**Task brief**
Every entry below should be written out exactly, and no image should appear.

[Data extracted from a collection]
==============================
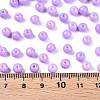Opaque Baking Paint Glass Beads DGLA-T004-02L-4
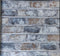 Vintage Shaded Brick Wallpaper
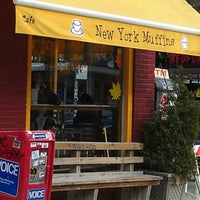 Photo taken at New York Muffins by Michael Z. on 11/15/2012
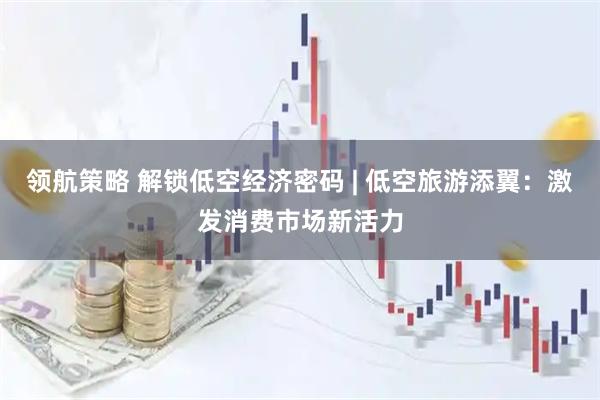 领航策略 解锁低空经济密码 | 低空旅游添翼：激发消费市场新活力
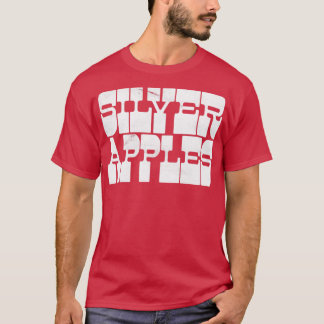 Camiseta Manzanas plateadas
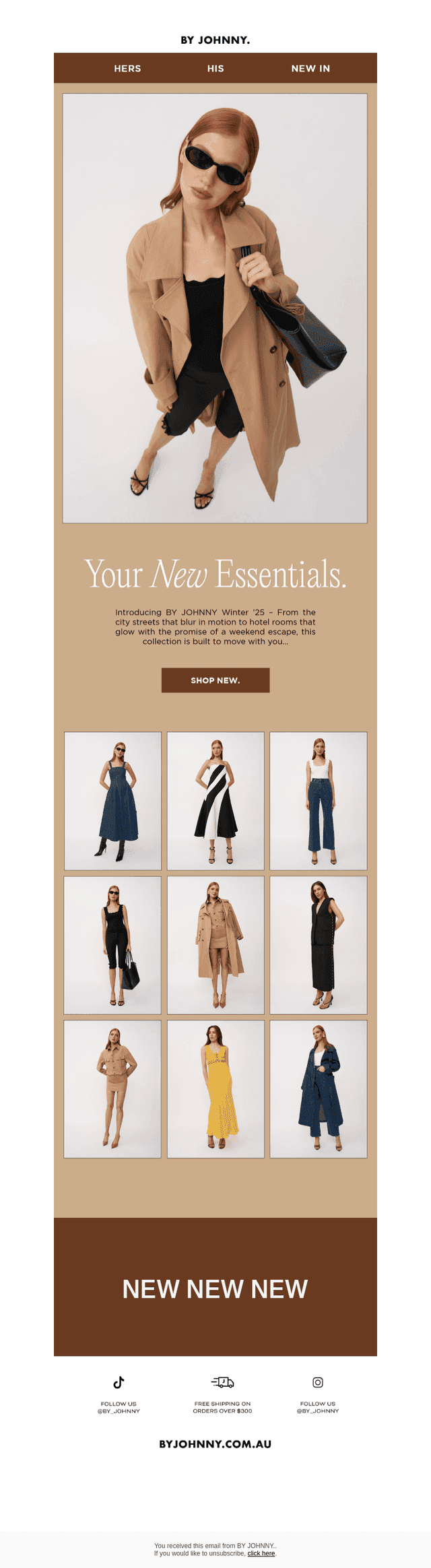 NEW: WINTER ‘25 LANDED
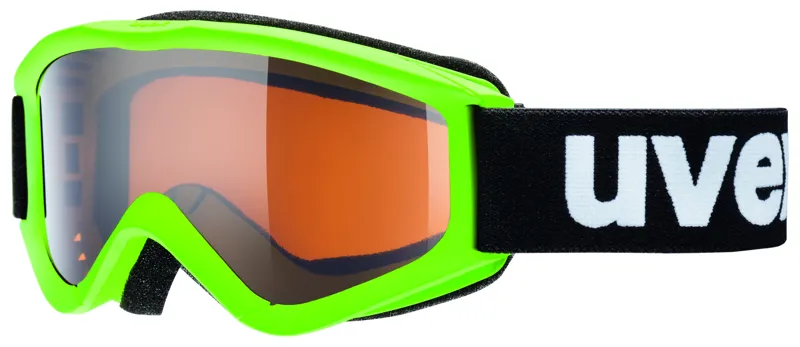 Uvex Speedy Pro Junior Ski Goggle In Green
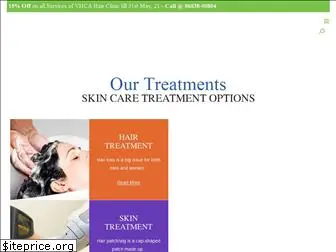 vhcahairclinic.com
==============================
**Expected answer**
Opaque Baking Paint Glass Beads DGLA-T004-02L-4
 Vintage Shaded Brick Wallpaper
 Photo taken at New York Muffins by Michael Z. on 11/15/2012
 领航策略 解锁低空经济密码 | 低空旅游添翼：激发消费市场新活力
 Camiseta Manzanas plateadas
 NEW: WINTER ‘25 LANDED
 Uvex Speedy Pro Junior Ski Goggle In Green
 vhcahairclinic.com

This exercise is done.